Clusters of orthologous groups [COGs; Tatusov, R. L., Koonin, E. V. & Lipman, D. J. (1997) Science 278, 631–637] were identified for a set of 13 completely sequenced herpesviruses. Each COG represented a family of gene products conserved across several herpes genomes. These families were defined without using an arbitrary threshold criterion based on sequence similarity. The COG technique was modified so that variable stringency in COG construction was possible. High stringencies identify a core set of highly conserved genes. Varying COG stringency reveals differences in the degree of conservation between functional classes of genes. The COG data were used to construct whole-genome phylogenetic trees based on gene content. These trees agree well with trees based on other methods and are robust when tested by bootstrap analysis. The COG data also were used to construct a reciprocal tree that clustered genes with similar phylogenetic profiles. This clustering may give clues to genes with related functions or with related histories of acquisition and loss during herpesvirus evolution.
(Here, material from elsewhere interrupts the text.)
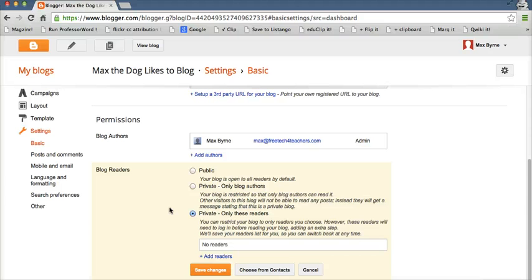So that's how you can restrict access to blog posts on your KidBlog, EduBlogs, or Blogger blog. For more tips and tricks like that, check out freetechforteachers.com.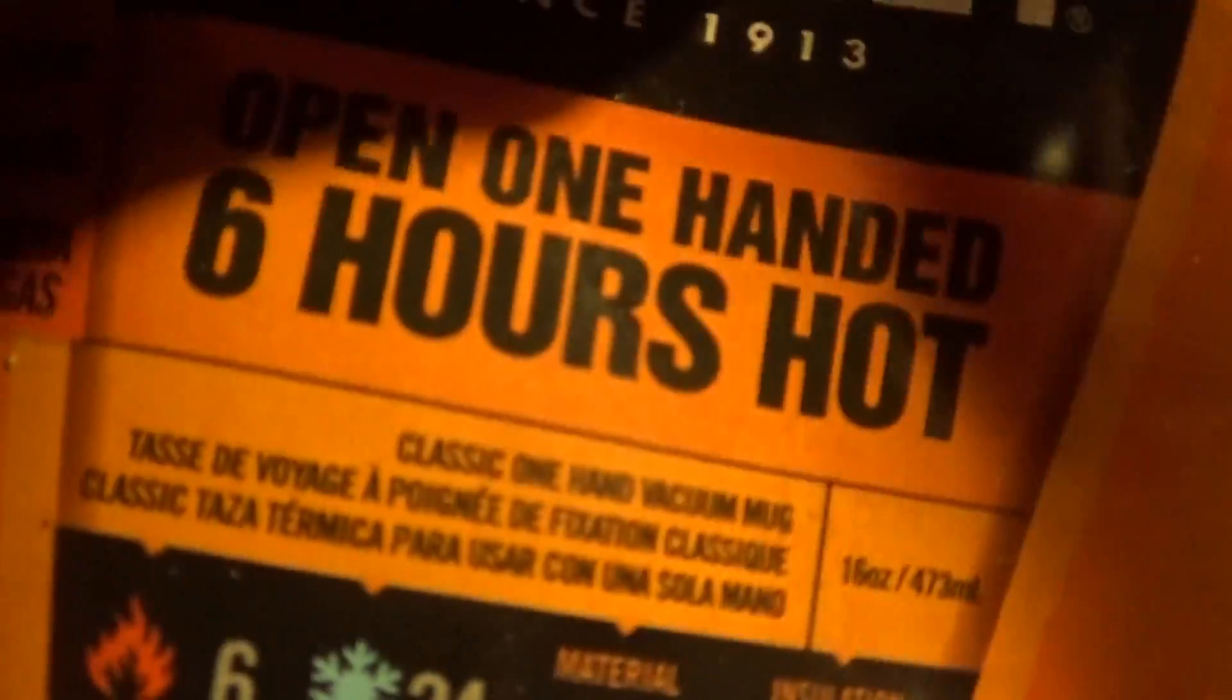Today's YouTube is going to be a review of this 6 hour hot, 24 hour cold steel travel thermos mug. It's by Stanley.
The value of the genome sequencing projects will be determined by how the resulting mass of sequence data are analyzed. To address this need, several new techniques have been pioneered to make predictions about gene products based on their sequences. These include methods to predict protein tertiary structure (1, 2) and protein–protein interactions (3). One important technique was designed to identify families of functionally related proteins by identifying clusters of orthologous groups (COGs) (4–6).
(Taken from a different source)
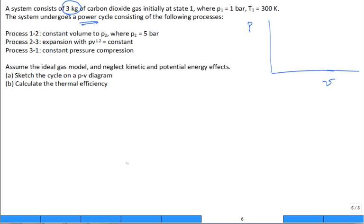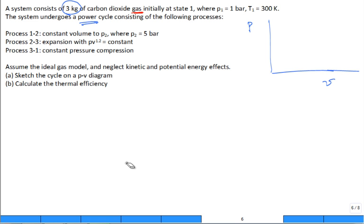What does the PV diagram look like? The key phrase is 'ideal gas model' — so there's no phase dome to worry about. Carbon dioxide is far from its critical point here. Draw the PV diagram without a dome, or show the dome far away. Using specific or total volume doesn't matter since mass is fixed at 3 kg.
Whole-genome phylogeny has been called one of the major open problems of comparative genomics (7). Phylogenies often have been based on trees constructed from the aligned sequence of a common protein or RNA. Unfortunately, the results for cellular genomes are rarely uniform over all of the genes conserved between the respective genomes. Additionally, this method by necessity ignores genes that are only partially conserved. Another method, which has been used with viral genomes, is to take the set of conserved genes and construct a phylogeny based on their genomic organization (8). Unfortunately, this technique only works for very closely related genomes and again only takes into account the conserved genes.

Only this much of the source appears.